For decades, quantum computing has been viewed as a futuristic technology: it would change everything, if it ever moved from the fantastical to the practical. The cogs now appear to be shifting – and fast.
The CEO and co-founder at quantum software platform Classiq thinks quantum computing is set to become the next global “space race.”
Meanwhile, IBM say we’re about to enter the Quantum Decade. Big Blue reckons quantum will help drive “the most significant computing revolution in 60 years.”
The building blocks of quantum computing are already emerging. Last week came news of an operating system that allows the same quantum software to run on different types of quantum computing hardware.
This week California’s Rigetti Computing announced plans to build a quantum computer with 80 qubits by the end of the year. The significance of this is that it uses a modular architecture that solves some of the key scaling challenges associated with fault-tolerant quantum computers.
For perspective: In 2019, Google demonstrated a calculation on its quantum machine using 53 qubits, that was able to calculate outputs from a random number generator in 3 minutes and 20 seconds. Even the most powerful supercomputer would take potentially thousands of years to complete the same calculation.
The complexity of a 100-qubit quantum computer would require more classical bits than there are atoms on the planet Earth, according to IBM.
IBM itself predicts quantum computing hardware will reach the order of 1,000 qubits by 2023 and that this will lead to practical application, “characterized by systems executing error-corrected circuits and widespread adoption” as soon as 2030.

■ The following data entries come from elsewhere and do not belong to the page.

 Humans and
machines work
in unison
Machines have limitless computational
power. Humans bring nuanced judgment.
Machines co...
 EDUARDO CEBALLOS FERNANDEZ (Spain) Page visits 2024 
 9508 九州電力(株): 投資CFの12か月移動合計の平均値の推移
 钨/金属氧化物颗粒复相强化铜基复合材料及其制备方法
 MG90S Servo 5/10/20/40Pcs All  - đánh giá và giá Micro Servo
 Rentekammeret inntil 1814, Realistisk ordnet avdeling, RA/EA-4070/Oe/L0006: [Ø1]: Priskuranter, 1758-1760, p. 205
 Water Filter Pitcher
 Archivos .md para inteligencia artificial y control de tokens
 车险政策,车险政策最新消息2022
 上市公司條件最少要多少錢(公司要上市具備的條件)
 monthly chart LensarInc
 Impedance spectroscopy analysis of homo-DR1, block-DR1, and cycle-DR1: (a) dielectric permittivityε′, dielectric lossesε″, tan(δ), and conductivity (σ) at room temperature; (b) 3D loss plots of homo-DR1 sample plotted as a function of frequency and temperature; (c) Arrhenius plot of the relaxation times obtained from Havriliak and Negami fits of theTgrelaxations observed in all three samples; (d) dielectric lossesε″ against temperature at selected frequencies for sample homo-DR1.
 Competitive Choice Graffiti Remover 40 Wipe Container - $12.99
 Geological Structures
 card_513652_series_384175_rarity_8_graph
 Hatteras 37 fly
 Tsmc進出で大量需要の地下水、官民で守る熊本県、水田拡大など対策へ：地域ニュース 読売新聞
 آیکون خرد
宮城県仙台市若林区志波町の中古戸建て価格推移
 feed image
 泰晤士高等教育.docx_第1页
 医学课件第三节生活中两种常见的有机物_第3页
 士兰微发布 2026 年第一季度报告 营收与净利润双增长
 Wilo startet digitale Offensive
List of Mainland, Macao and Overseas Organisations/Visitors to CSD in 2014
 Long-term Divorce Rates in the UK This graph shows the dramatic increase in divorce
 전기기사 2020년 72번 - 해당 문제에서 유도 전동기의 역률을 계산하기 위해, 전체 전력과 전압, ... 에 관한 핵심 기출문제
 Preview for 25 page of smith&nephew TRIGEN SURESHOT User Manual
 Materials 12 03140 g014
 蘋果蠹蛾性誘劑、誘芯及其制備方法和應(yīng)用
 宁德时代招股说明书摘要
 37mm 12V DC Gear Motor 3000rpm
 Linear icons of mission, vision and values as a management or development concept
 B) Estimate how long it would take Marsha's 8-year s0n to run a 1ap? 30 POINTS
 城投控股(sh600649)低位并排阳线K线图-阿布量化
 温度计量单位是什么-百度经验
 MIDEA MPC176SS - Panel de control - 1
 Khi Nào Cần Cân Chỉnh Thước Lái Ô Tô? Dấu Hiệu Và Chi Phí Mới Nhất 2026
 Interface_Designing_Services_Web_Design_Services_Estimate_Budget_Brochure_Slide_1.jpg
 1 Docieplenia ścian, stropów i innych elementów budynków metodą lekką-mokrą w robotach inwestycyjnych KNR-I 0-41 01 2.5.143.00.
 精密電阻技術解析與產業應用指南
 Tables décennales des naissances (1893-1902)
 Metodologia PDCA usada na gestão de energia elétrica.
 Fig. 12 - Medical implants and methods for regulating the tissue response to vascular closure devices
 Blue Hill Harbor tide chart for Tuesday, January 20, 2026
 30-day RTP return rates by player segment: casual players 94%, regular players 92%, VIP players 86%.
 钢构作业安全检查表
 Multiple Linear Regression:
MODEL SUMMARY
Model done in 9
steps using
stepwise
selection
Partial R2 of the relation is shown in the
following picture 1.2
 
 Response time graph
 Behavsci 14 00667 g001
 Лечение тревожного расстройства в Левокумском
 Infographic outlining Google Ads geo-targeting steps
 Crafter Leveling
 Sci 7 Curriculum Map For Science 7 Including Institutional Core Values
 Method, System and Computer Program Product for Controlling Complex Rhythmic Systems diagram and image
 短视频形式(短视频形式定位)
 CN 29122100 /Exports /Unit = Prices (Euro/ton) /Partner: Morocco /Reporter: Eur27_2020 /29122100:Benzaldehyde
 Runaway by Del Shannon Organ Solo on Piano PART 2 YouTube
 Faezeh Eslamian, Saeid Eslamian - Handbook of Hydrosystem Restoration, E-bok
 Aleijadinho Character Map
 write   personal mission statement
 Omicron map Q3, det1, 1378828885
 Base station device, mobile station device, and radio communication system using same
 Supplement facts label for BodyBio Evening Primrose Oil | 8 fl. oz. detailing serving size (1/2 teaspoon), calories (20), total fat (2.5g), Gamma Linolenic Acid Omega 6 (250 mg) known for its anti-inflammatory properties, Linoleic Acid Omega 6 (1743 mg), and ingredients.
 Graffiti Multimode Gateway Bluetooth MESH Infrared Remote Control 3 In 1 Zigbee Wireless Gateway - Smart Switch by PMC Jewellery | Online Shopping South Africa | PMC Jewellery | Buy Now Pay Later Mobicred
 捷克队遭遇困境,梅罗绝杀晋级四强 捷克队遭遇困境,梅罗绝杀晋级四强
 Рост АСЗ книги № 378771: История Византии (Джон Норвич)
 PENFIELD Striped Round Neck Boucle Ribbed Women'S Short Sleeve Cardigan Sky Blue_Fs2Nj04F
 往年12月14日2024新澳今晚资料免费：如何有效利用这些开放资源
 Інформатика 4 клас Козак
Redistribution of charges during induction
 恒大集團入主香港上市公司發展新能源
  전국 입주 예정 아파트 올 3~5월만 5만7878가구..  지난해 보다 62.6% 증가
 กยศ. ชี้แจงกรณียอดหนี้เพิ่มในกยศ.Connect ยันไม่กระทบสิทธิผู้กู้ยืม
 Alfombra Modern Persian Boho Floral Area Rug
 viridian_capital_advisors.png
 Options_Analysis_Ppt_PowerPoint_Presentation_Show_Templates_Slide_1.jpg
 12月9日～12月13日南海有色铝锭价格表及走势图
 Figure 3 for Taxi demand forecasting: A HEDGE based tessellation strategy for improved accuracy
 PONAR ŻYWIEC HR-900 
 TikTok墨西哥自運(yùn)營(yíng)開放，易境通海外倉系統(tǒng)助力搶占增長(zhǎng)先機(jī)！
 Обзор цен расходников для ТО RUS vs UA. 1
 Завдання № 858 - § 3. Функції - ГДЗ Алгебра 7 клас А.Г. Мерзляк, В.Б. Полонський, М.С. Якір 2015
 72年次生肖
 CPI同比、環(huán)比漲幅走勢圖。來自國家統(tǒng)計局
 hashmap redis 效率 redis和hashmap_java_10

IBM’s own focus is on the integration of quantum computing with artificial intelligence, and classical computing into hybrid multicloud workflows. The intersection of classical bits, qubits, and AI ‘neurons’ —not quantum computing alone—are driving the future of computing, it says.
Classical versus Quantum match-up
To counter naysayers who dismiss quantum “as too arcane, a far-off, far-out pursuit for academics and theorists” IBM recently shared details of a quantum versus classical computing showdown.
“We're exploring a very simple question,” explained its research team “How does the computational power differ when a computer has access to classical scratch space versus quantum scratch space?”
We wouldn’t be hearing about it had quantum not won. It delivered a 100% success rate versus the 87.5% of normal compute.
“We show that qubits, even today's noisy qubits, offer more value than bits as a medium of storage during computations," said the researchers.
IBM stresses that classical computer bits (which can store information as either a 0 or 1) will still be needed even scientists explore the probabilistic states of quibits.
“Quantum computing will not replace classical computing, it will extend and complement it,” IBM state. “Even for the problems that quantum computers can solve better, we will still need classical computers. Because data input and output will continue to be classical, quantum computers and quantum programs will require a combination of classical and quantum processing.”
Different ways to skin a (Schrödinger's) cat
There are many different ways to build a quantum computer and this depends on the type of qubit technology used. Quantum hardware companies are currently trying to scale up their quantum computers and include enough error corrected qubits to reach quantum advantage.
Finnish start-up IQM, for example, use superconducting qubits in its quantum hardware, similar to Google and to Rigetti. Canadian start-up Xanadu takes a different approach by using photons rather than electrons to carry information. PsiQuantum and Orca Computing are also developing photonic hardware. PsiQuantum expect a commercial quantum computer as soon as 2025. Another route to quantum hardware, called, Ion-trap, is being pursued by IonQ, Universal Quantum, and Oxford Ionics.
“We don’t yet know which type of hardware will win the race and be able to run commercially relevant applications,” says software developer Riverlane, which is why it’s quantum OS is designed cross-platform.
A thousand qubits is just the start. Forecasters have systems calculating with 1 million qubits in the not too distant future.
There’s no doubt there’s a race to what is called ‘Quantum Advantage’. This is when a computing task can be performed more efficiently, more cost effectively, or with better quality using quantum computers – and therefore money to be made.
Getting to Quantum Advantage will not happen overnight, admits IBM, although its subsequent argument sounds like a sales pitch for more PCs.
“Organisations that enhance their classical computing capabilities and aggressively explore the potential for industry transformation will be best positioned to seize Quantum Advantage.”
The types of applications for future state quantum computing include discovering new drugs, managing financial risk, and re-engineering supply chains. Those backing quantum computing hope that as the technology emerges it will accelerate solutions to increasingly complex societal, macroeconomic, and environmental problems on a global scale.
Where have we heard that before? Ah yes, just a few years back when telco operators and cheerleaders at the GSMA wanted governments to open up frequencies and invest in 5G networks.
We’re still waiting for those grand claims to come to pass.